Collecting data from file: c:Windows
otepad.exe
49.1% (.EXE) Microsoft Visual C++ compiled executable (generic) (16529/12/5)
19.5% (.DLL) Win32 Dynamic Link Library (generic) (6578/25/2)
. trid.exe Command Line Tool Identifying the Format of a File
In Listing 3-3, trid.exe lists the potential file formats. For notepad.exe located on our analysis box, trid.exe reports with a 49.1% accuracy that it is an executable file compiled using Microsoft Visual C++. The greater the probability, the more likely it is that file format.
Alternatively, you can use TriDNET, which is the GUI version of the same trid command-line tool. The output of TriDNET for the same notepad.exe file opened in Listing 3-3, is shown in Figure 3-14.
File Command-Line Tool
The other very well-known file identification tool is the file command-line utility primarily available on Linux. It is based on libmagic, a popular library dear to most detection tools that use it for identifying file formats. Very similar to the TriD command-line tool, the file command-line tool takes the path to a file as an argument and gives out the format of the file, as shown in Listing 3-4.
@ubuntu:~$ file notepad.exe
notepad.exe: PE32+ executable (GUI) x86-64, for MS Windows
Listing 3-4
File Command Line Tool on Linux, Identifying the Format of an Executable File
Manual Identification of File Formats
In the previous section, we introduced magic bytes, file headers, and their structures, and using them to identify files manually. But with the presence of tools like TriD, it seems unnecessary to remember these file format details, and manually open a file using a hex editor to identify its format.

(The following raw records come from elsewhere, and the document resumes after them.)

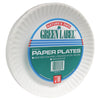 AJM Nature's Own Green Label 9 In. Paper Plates (70 Count)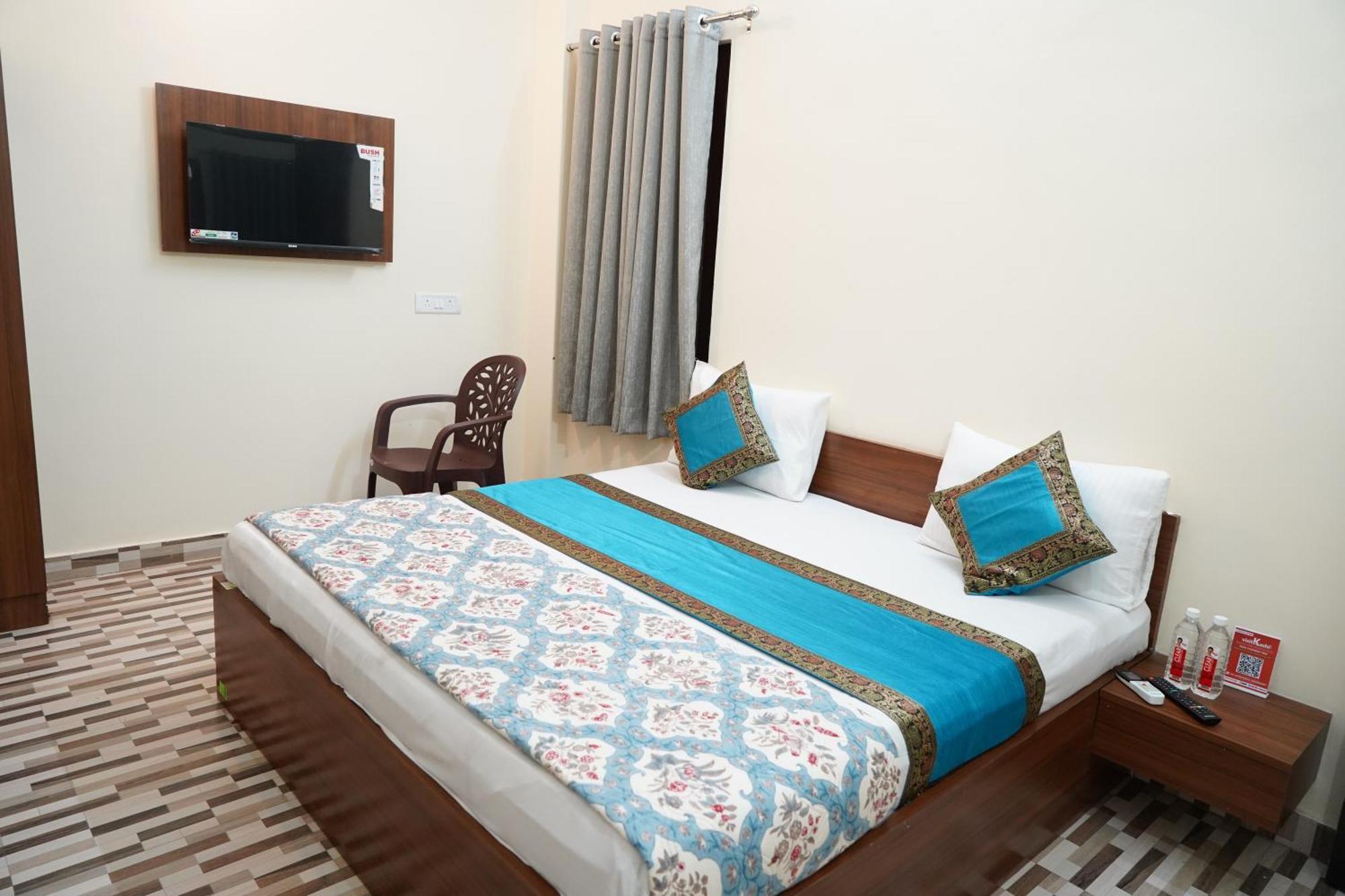 Kashi Paradise Stay Varanasi Exterior foto
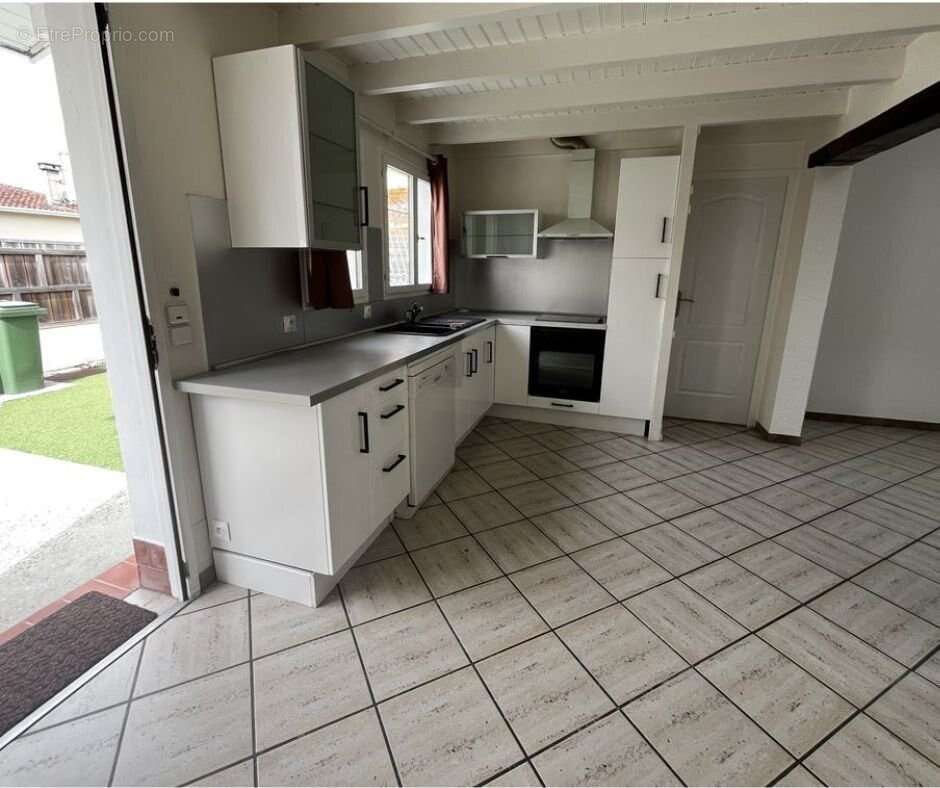 Maison à LE BOUSCAT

But there are times when knowing the various magic bytes for popular file formats does help. As malware analysts, we deal with a lot of data. The data that we deal with may come from network packets, and in some cases, it might include the contents of a file that we are analyzing. Often, the data carries files from malware attackers or contains other files embedded with an outer parent file. Knowing the magic bytes and the general header structure for well-known file formats helps you quickly identify the presence of these files embedded in a huge data haystack, which improves analysis efficiency. For example, Figure 3-15 shows Wireshark displaying a packet capture file carrying a ZIP file in an HTTP response packet. Quickly identifying the PK magic bytes among the packet payload helps an analyst quickly conclude that the packet holds a response from the server returning a zipped file. You saw in Table 3-4 that the magic bytes for the ZIP file format is PK.
Summary
In this chapter, you learned about file extensions and file formats, as well as the structure, magic bytes, and headers that form the identity of a file format. Using freely available command-line tools, you can quickly identify the type of a malware file and set up the right analysis environment for the file based on its type. Knowledge of magic bytes helps you manually identify the presence of files in various data sources, such as packet payloads and packed files.